Carillion warns over loan covenant breach

Shares in construction group Carillion have fallen sharply following a warning from the Board that the company is likely to breach its loan covenant at the end of December.

A statement issued by the Board on Friday said Carillion is currently in discussion with its financial stakeholders and intends to defer the testing of its financial covenants.

Since July, The Board said Carillion has been focused on reducing costs, collecting cash, executing its disposals programme and implementing its new operating model.  However, it is warning that while the “self-help measures” will serve to reduce the Group's average net debt over time, they will not be enough to enable it to achieve its targets by the end of 2018. The discussions with stakeholders are centred round a broad range of options to further reduce net debt and repair and strengthen the Group's balance sheet.

The statement says:

“This will require some form of recapitalisation, which could involve a restructuring of the balance sheet.
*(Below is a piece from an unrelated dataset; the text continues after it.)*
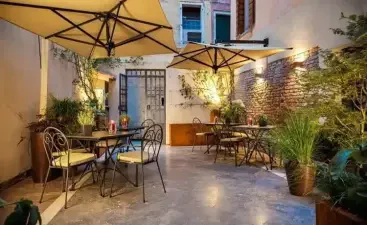 Liassidi Wellness Suites Venice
The Board expects to commence steps to implement the chosen option during the first quarter of 2018 and a further announcement will be made in due course.”

In its interim results on 29 September 2017, Carillion confirmed that it was forecast to be in compliance with its financial covenants as at 31 December 2017 but that this was dependent on achieving its underlying forecasts.
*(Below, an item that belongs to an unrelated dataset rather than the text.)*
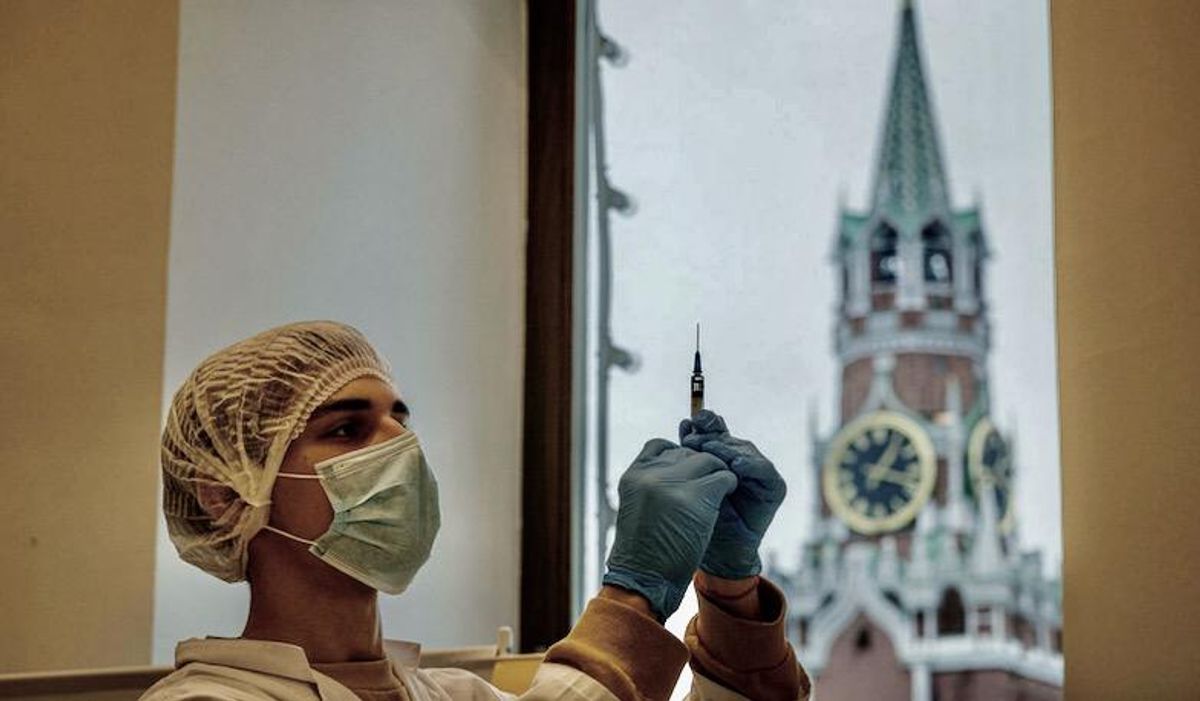 Kremlin blames Russians over slow jab drive as deaths rise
The Group now expects profits for the year to 31 December 2017 to be materially lower than current market expectations with full year average net borrowing in 2017 to be between £875m and £925m.

The problem is attributed to a combination of delays to certain PPP disposals, a slippage in the commencement date of a significant project in the Middle East and lower than expected margin improvements across a small number of UK Support Services contracts, partially offset by cost savings initiatives realised in the fourth quarter.   

Following discussions with its principal lenders and with their support, the Board  said it has concluded that it is necessary to defer the test date for both its financial covenants from 31 December 2017 to 30 April 2018.

Commenting, Interim Chief Executive, Keith Cochrane said:

"Whilst we continue to target cash collections, reduce costs, execute disposals and focus on delivering for our customers, it is clear that significant challenges remain and more needs to be done to reduce net debt and rebuild the balance sheet.  Constructive dialogue is continuing with our financial stakeholders, and I am grateful for their support.  I remain focused on addressing this issue before my successor, Andrew Davies, takes up the role on 2 April 2018."